Data excerpt
_ _ _ _

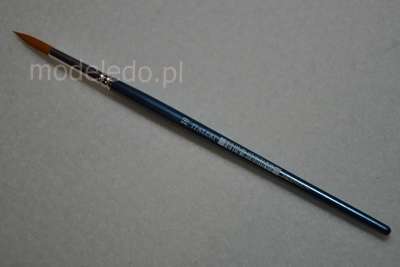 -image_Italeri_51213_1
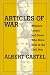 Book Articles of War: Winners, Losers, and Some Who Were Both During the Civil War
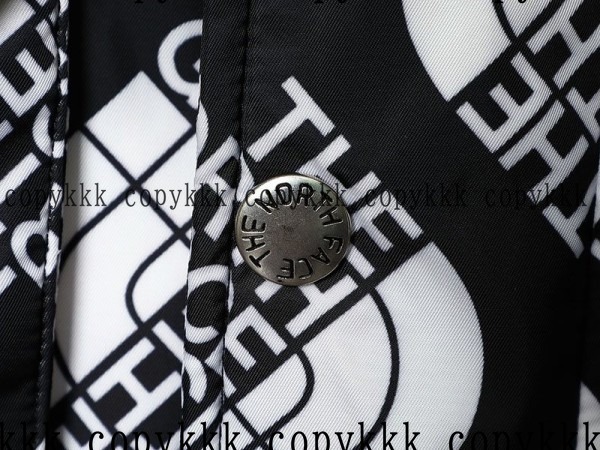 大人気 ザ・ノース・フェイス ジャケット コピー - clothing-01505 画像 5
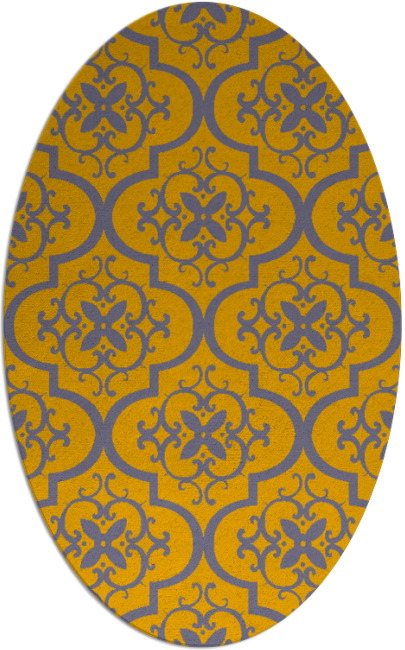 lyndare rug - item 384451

_ _ _ _

What the task asks
Return the material exactly as written, except for any pictures it holds.

Answer to the problem
 -image_Italeri_51213_1
 Book Articles of War: Winners, Losers, and Some Who Were Both During the Civil War
 大人気 ザ・ノース・フェイス ジャケット コピー - clothing-01505 画像 5
 lyndare rug - item 384451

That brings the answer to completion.